YOUR INSTRUCTIONS
Restate word for word the lines below that run from the one holding "зберегти красу Лазерне" through the one holding "Ticks Spread Plenty", inclusive. Pictures don't belong in the copy.

LISTED RECORDS

________

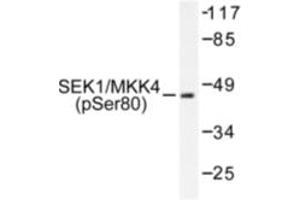 Image no. 1 for anti-Mitogen-Activated Protein Kinase Kinase 4 (MAP2K4) (pSer80) antibody (ABIN318113) (MAP2K4 anticorps  (pSer80))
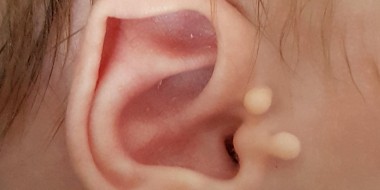 Close-up van bijoortjes bij een klein kind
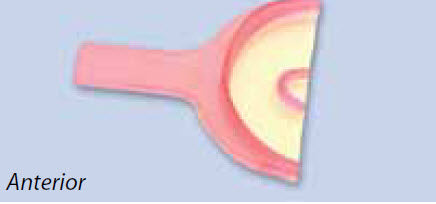 Neo Trays - Anterior 30/Bx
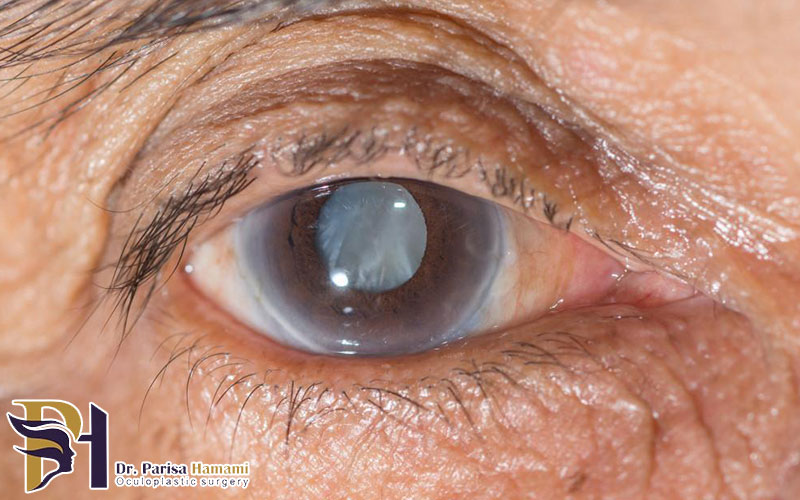 چرا چشم آب سیاه می آورد؟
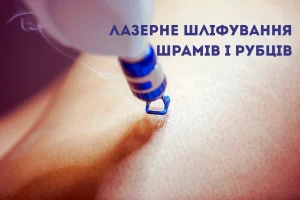 зберегти красу Лазерне шліфування рубців: як позбутися післяопераційних та акне-рубців Лазерная шлифовка рубцов: как избавиться от послеоперационных и акне-рубцов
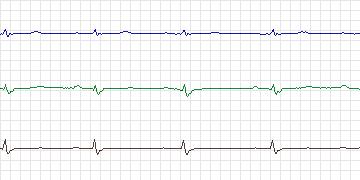 Electrocardiogram for T-Wave Alternans Challenge, record twa77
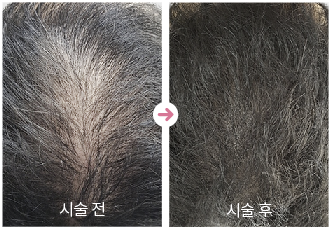 두피문신전후사진,남성정수리커버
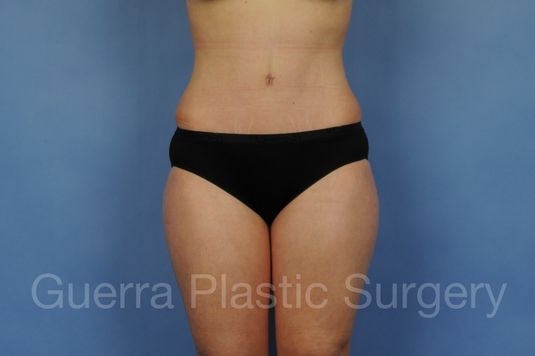 Case #01299 After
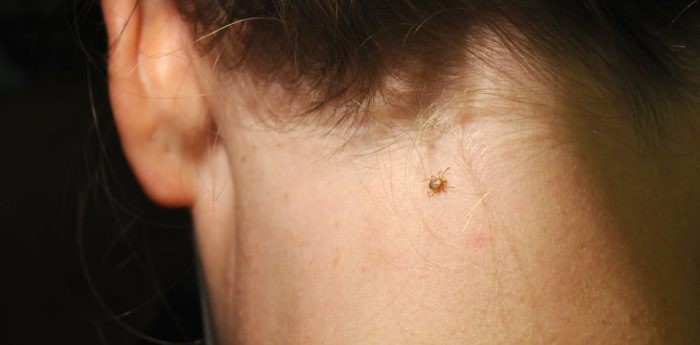 Ticks Spread Plenty More For You To Worry About Beyond Lyme Disease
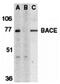 Beta-Secretase 1 antibody, MBS150291, MyBioSource, Western Blot image 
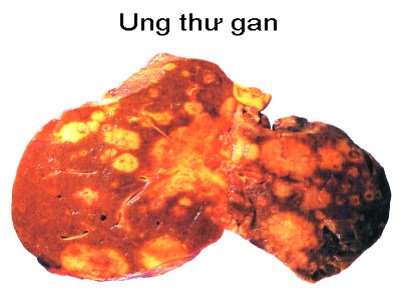 ung thu gan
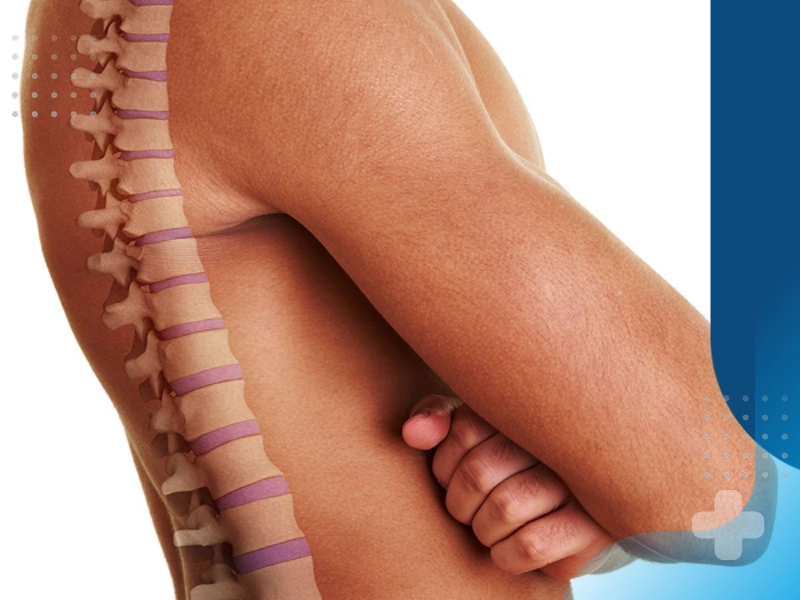 درمان دیسک کمر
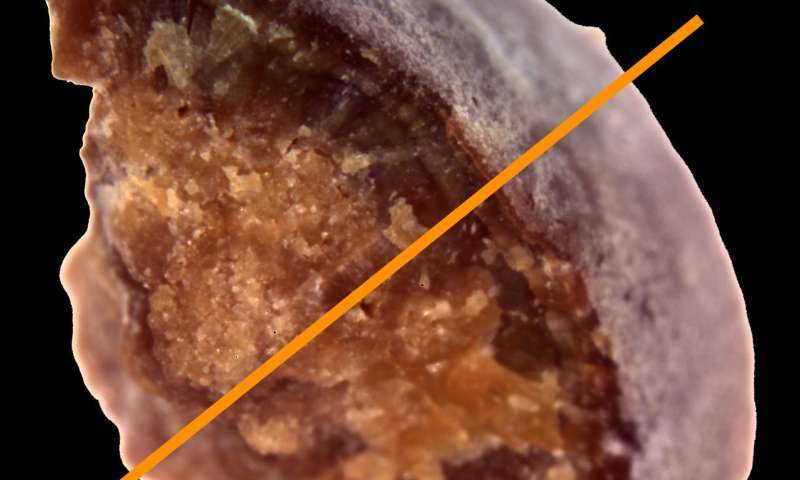 Kidney stones have distinct geological histories, study finds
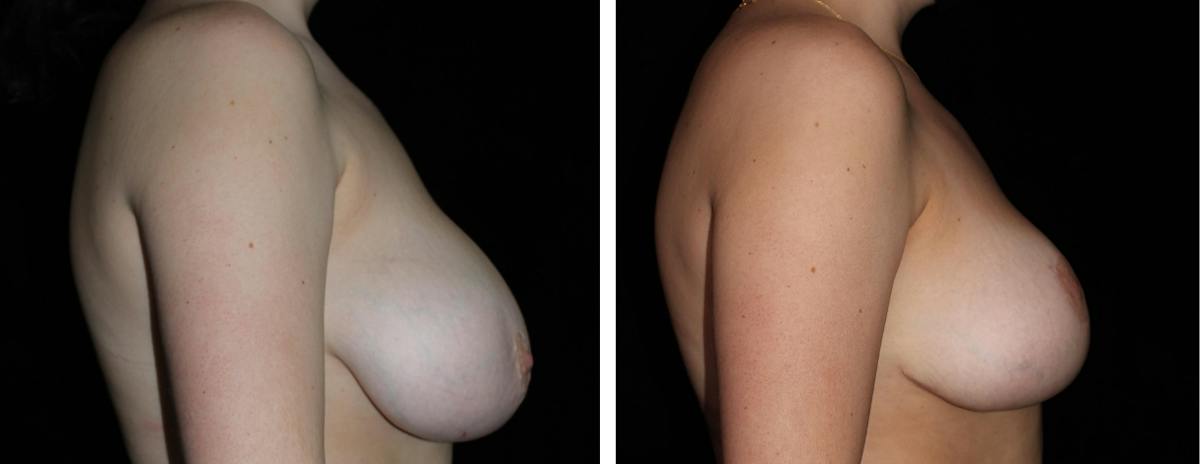 Breast Asymmetry Before & After Gallery - Patient 287097 - Image 3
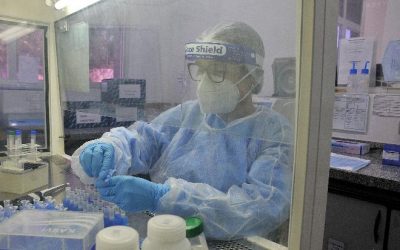 Estrutura do Lacen foi essencial para mapear Covid-19 no Estado, avalia OMS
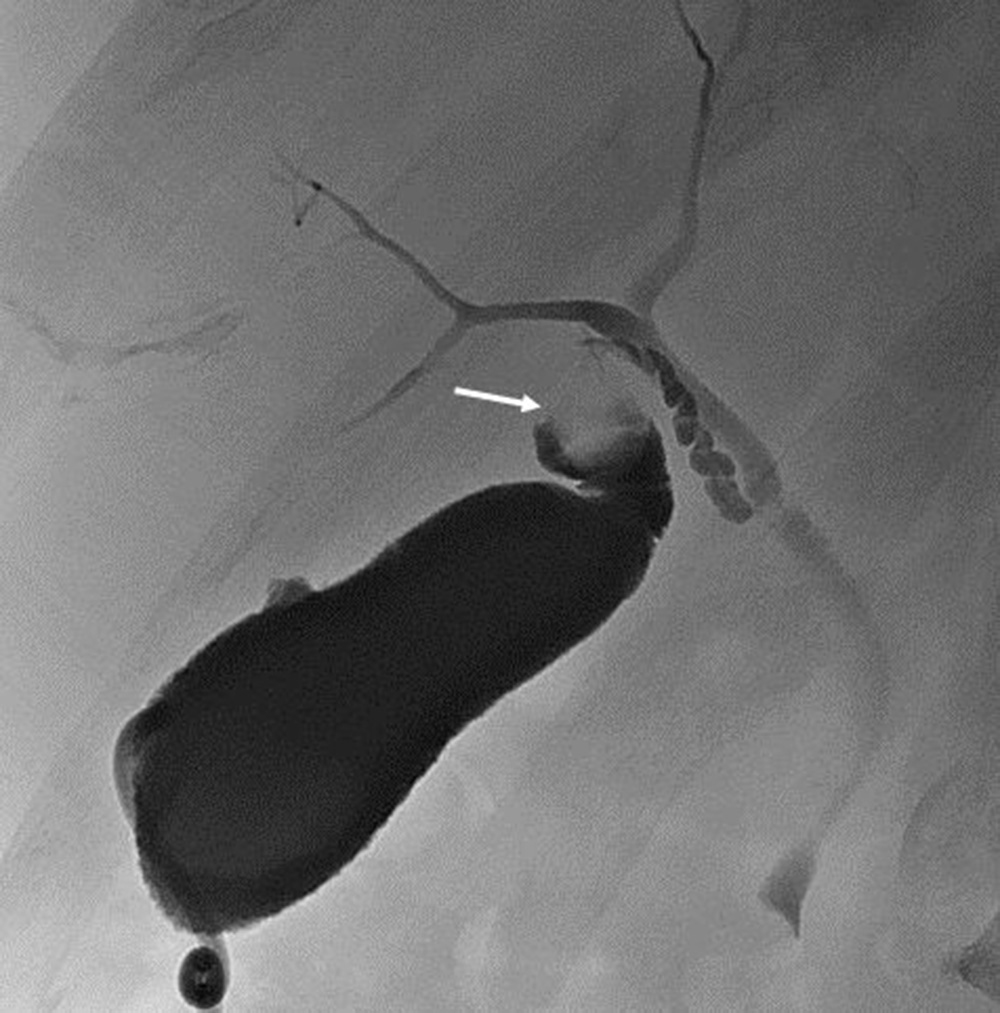 Fig. 95.6, Impacted stone at the gallbladder neck. Cholangiogram via a cholecystostomy catheter demonstrating an impacted stone at the neck of the gallbladder ( white arrow ) in a patient with acute cholecystitis.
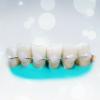 שיני קיבוע פופולריות: כמה זה יעיל?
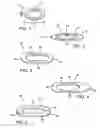 Fig. 02 - Devices and methods for forming magnetic anastomoses between vessels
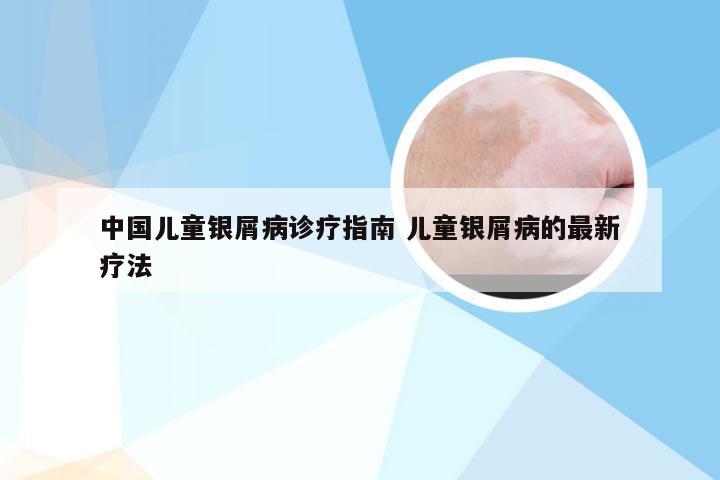 中国儿童银屑病诊疗指南 儿童银屑病的最新疗法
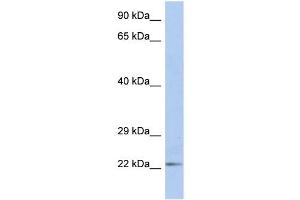 DUT antibody used at 1 ug/ml to detect target protein. (Deoxyuridine Triphosphatase (DUT) (N-Term) antibody)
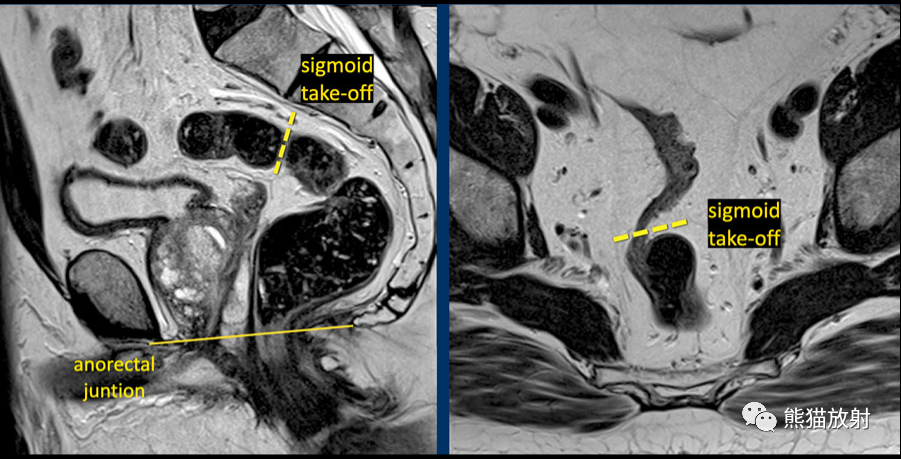 影像PPT - 直肠癌MRI-7 影像PPT - 直肠癌MRI-7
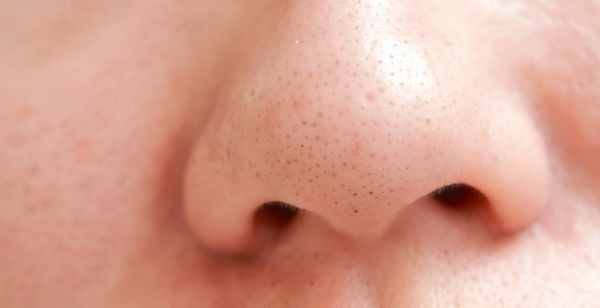 Nếu có mụn đầu đen ở mũi, có nên sử dụng BHA tự nhiên hay BHA hóa học?
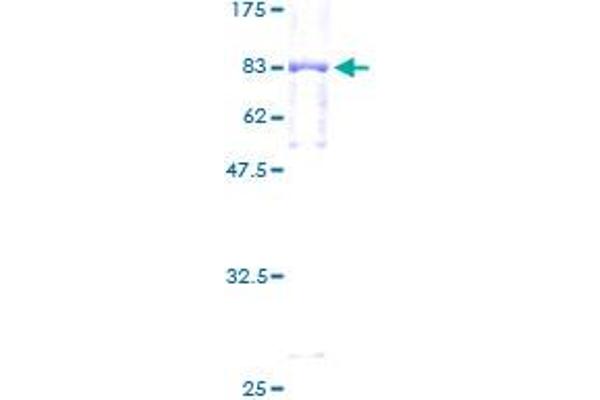 GBA Protein (AA 1-536) (GST tag)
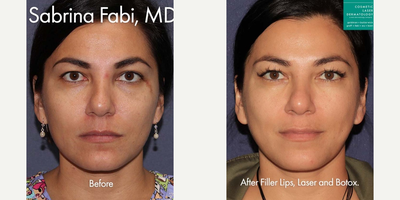 Botox before and after photo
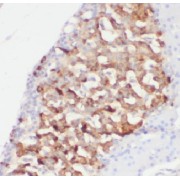 IHC-P analysis of human pancreas cancer tissue, using AGTRAP antibody (1/10 dilution).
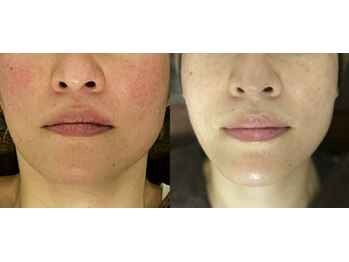 サロン ド クローバー(Salon de clover)/リジュビネーションコース 施術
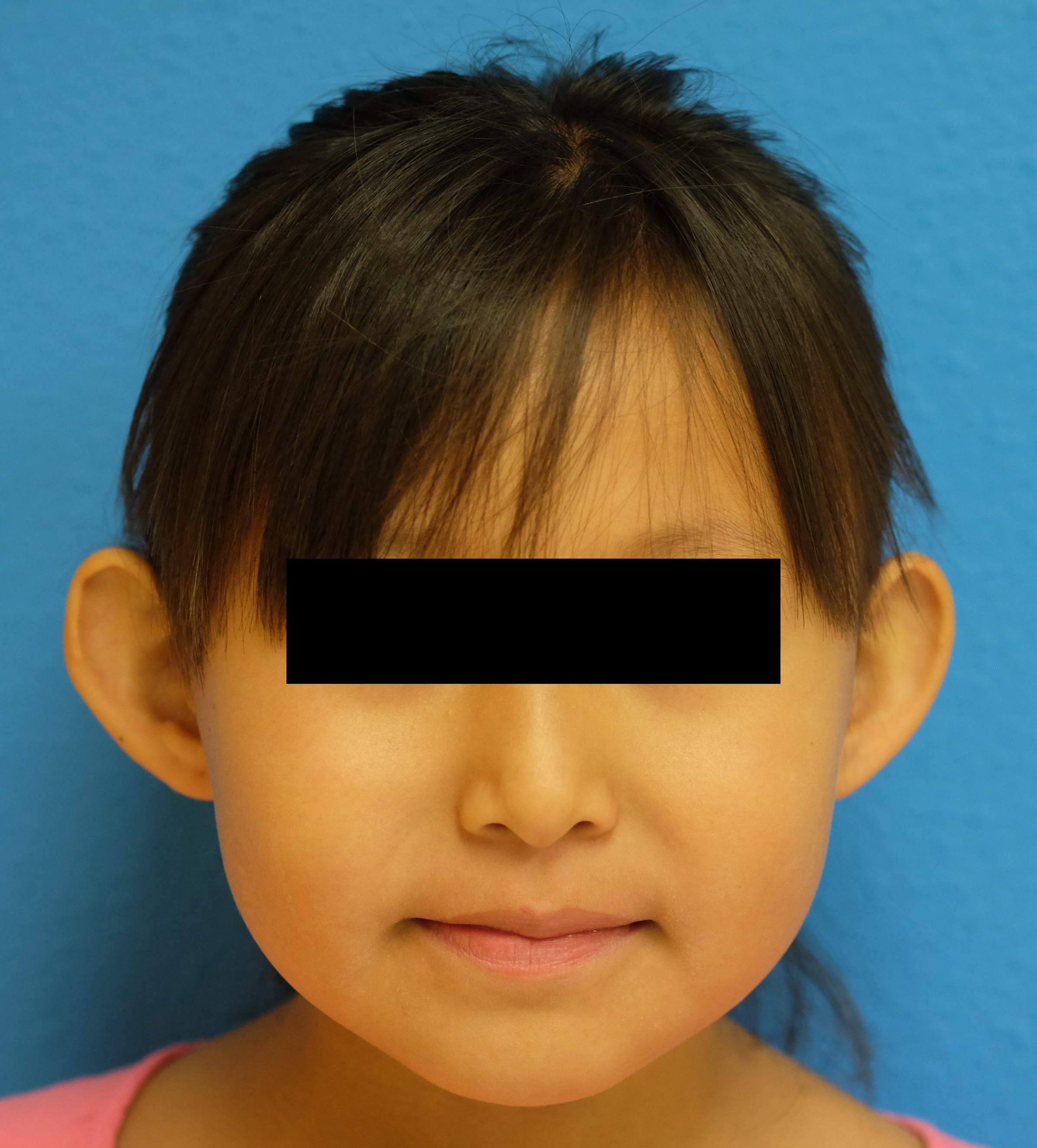 preop otoplasty.png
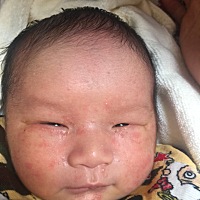 刚出生的时候皮肤光滑滑的，现在这两天像这玩意了怎么办呀？？？请教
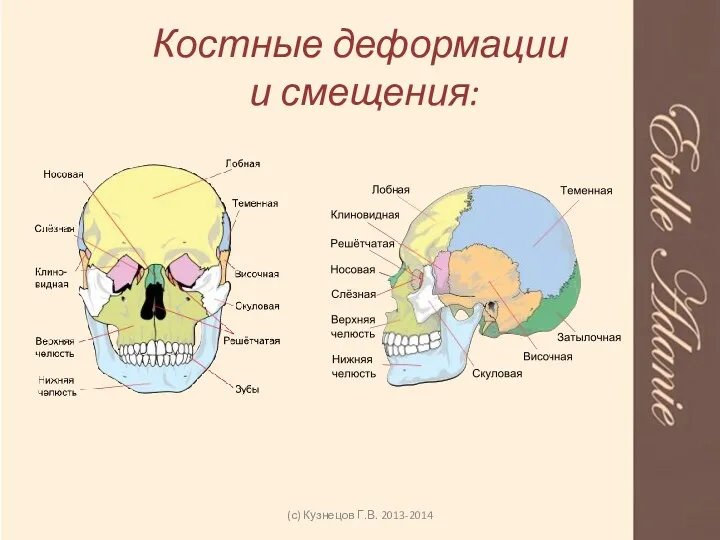 Костные деформации и смещения: (с) Кузнецов Г.В. 2013-2014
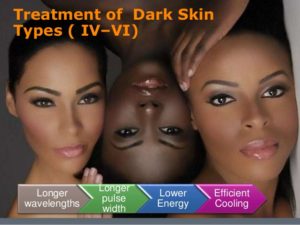 حذف موهای زائد برای پوست های تیره در مرکز لیزر برکه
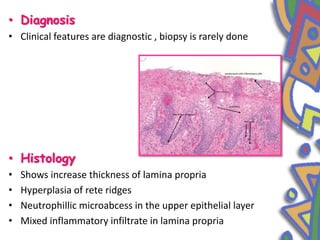• Diagnosis
• Clinical features are diagnostic , biopsy is rarely done
• Histology
• Shows increase thickness of lamina propria
• Hyperplasia of rete ridges
• Neutrophillic microabcess in the upper epithelial layer
• Mixed inflammatory infiltrate in lamina propria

________

TASK RESULT
 зберегти красу Лазерне шліфування рубців: як позбутися післяопераційних та акне-рубців Лазерная шлифовка рубцов: как избавиться от послеоперационных и акне-рубцов
 Electrocardiogram for T-Wave Alternans Challenge, record twa77
 두피문신전후사진,남성정수리커버
 Case #01299 After
 Ticks Spread Plenty More For You To Worry About Beyond Lyme Disease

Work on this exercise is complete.